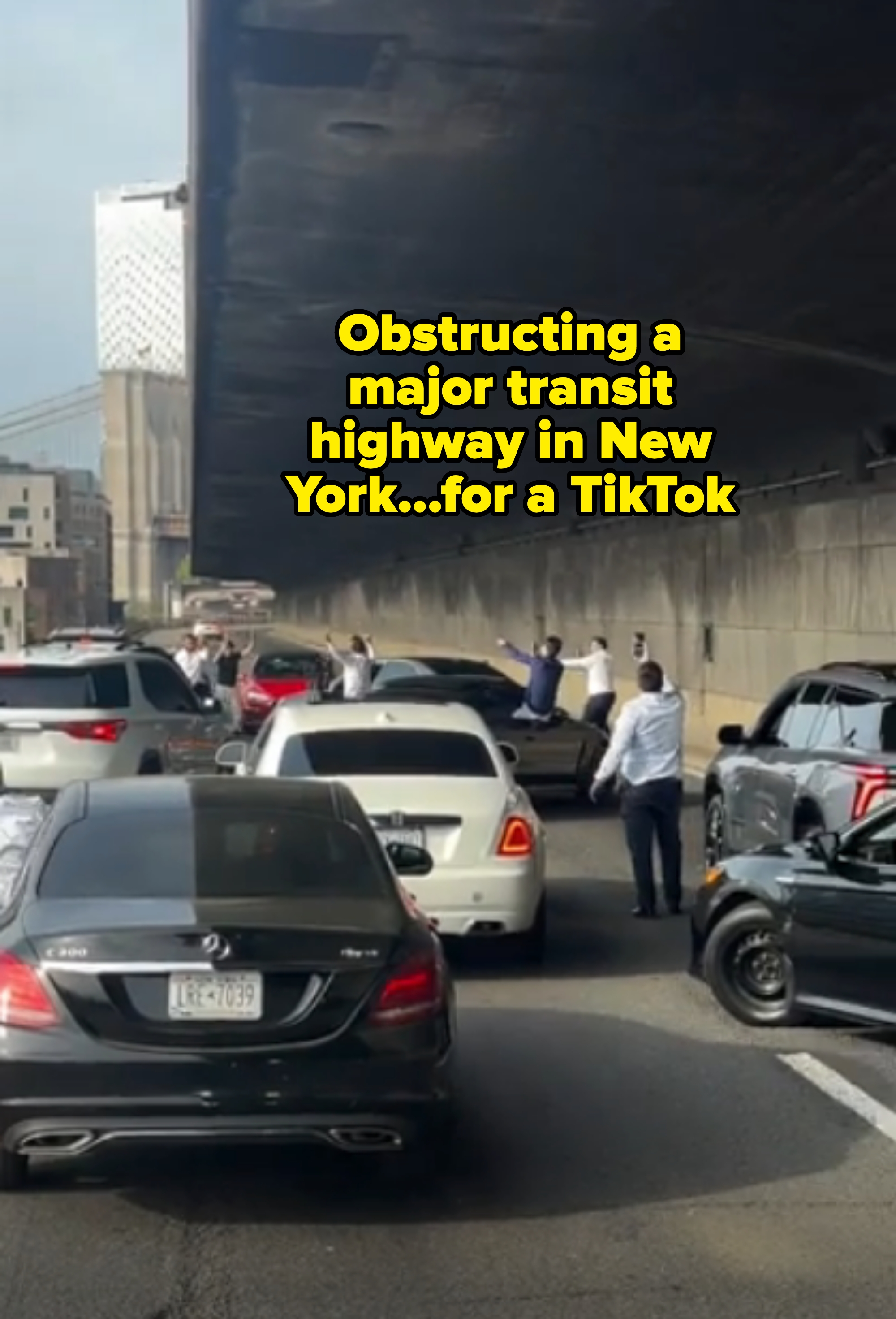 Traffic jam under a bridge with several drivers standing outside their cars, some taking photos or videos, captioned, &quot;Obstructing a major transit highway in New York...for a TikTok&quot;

* * *

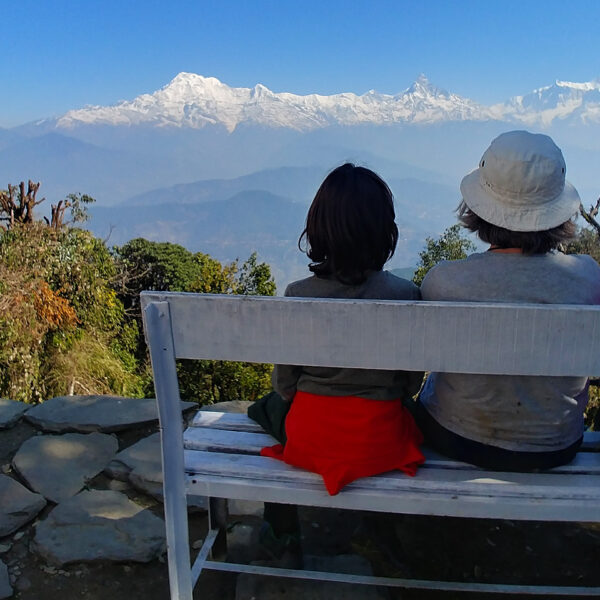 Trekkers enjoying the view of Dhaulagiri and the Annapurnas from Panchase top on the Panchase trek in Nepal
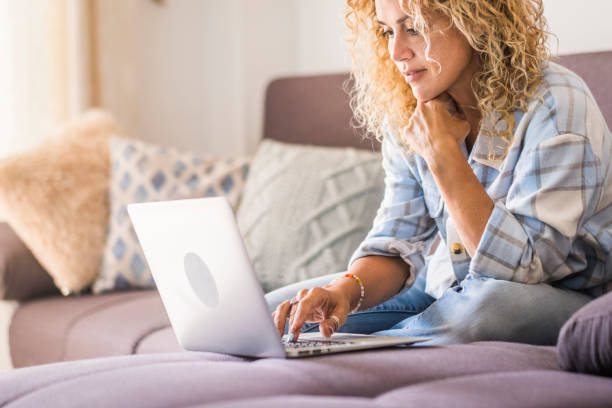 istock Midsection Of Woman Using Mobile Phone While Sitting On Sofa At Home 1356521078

| What the task requires |
Within the listing above, copy exactly the lines that start at the one with "Trekkers enjoying the" and continue through the one with "istock Midsection Of". Omit pictures.

| Task answer |
 Trekkers enjoying the view of Dhaulagiri and the Annapurnas from Panchase top on the Panchase trek in Nepal
 istock Midsection Of Woman Using Mobile Phone While Sitting On Sofa At Home 1356521078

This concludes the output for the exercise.